In proposito, si ricalca il solito cliché: fa stato l’allarme, che preannuncia un pericolo, suscitando nell’opinione pubblica paure immediate e contagiose, e invece sembrano non lasciare traccia le smentite, con cui si cerca di riportare la minaccia entro limiti realistici. Una volta di più, la fantasia pessimista ha il sopravvento sulla concretezza dimostrabile. Di conseguenza, scivolano via le dichiarazioni dei ricercatori scientifici dell’Istituto Mario Negri di Milano, secondo i quali «non è stata confermata neanche una correlazione fra assunzione di acidi grassi saturi e maggiori rischi di malattie cardiovascolari». Ed è finito nel dimenticatoio il caso Nutella, conclusosi, lo scorso anno, con un nulla di fatto. L’allora ministro francese dell’ecologia, Ségolène Royal, che aveva denunciato l’eccessivo contenuto di olio di palma nel popolare prodotto, dovette ricredersi.
Del resto il fenomeno di quest’incessante rimbalzo di accuse e smentite, di fa bene o fa male, soprattutto in ambito alimentare, rispecchia gli umori di un’epoca che ha riscoperto e forse esasperato la cultura del cibo, nei suoi diversi aspetti. Compreso quello salutistico. Si tratta, quindi, di identificare le proprietà di alimenti che possono diventare un nuovo nemico in tavola. O al contrario, un eventuale amico. Ed è un settore scientifico, o parascientifico, che giustifica dubbi di credibilità.
Non di rado, si assiste, da un giorno all’altro, a un totale rovesciamento di ruoli. Ecco il cioccolato, condannato ai tempi della mia lontana gioventù, adesso riabilitato per imprevedibili virtù terapeutiche. Sorti alterne anche per il caffè, eccitante per definizione, a cui adesso si attribuisce, figurarsi, un effetto protettivo dall’Alzheimer. In pratica, ogni cibo, persino quelli basilari tipo latte, farina, pane, e via dicendo, potrebbe nascondere un’insidia: che i media, e si pensi a «Patti chiari» della RSI, s’impegneranno a rivelare e documentare. Riservando autentiche sorprese.

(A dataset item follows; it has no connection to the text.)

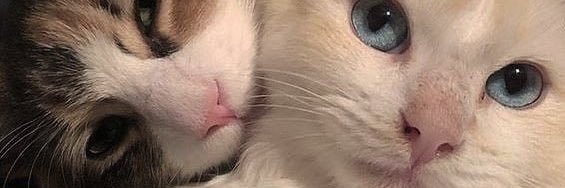 Allysson Chaves 🇬🇷 banner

Capita di leggere, su pagine autorevoli come «Repubblica» che, «il formaggio causa dipendenza come una droga». Mentre la pizza, caposaldo della dieta mediterranea, può provocare «una pericolosa dipendenza»: in che modo, per ora non si sa. Paradossalmente, persino i prodotti light sono nel mirino degli igienisti: non mantengono le loro promesse. Al pari delle vitamine e degli integratori di cui, negli ultimi anni, si denuncia l’inutilità. Si tratta, in fin dei conti, di crederci o non crederci, cioè dell’atteggiamento del cittadino, oggi più che mai sensibile alle raccomandazioni e alle ricette concernenti la salute sua e dell’ambiente.
Non si fermerà, quindi, la lunga marcia alla ricerca del nemico di turno, avviata negli anni 70, quando in Svizzera scoppiò la polemica del burro: da sostituire, secondo gli igienisti, con la più sana margarina. Facendo, ovviamente, infuriare i produttori del settore latte e derivati. Successivamente, sul piano ambientale, si paventavano le minacce nell’ozono, dell’effetto serra, della desertificazione. Oggi dimenticati, o meglio sostituiti da altri nemici di turno, reali, probabili o fittizi.
Sebastiano Vassalli, lo scrittore e linguista scomparso di recente, fu il primo a parlare di «catastrofismo», dietro il quale risiede la paura che, in forma a volte scaramantica, ci accompagna tutta la vita. Temendo il peggio che forse non verrà.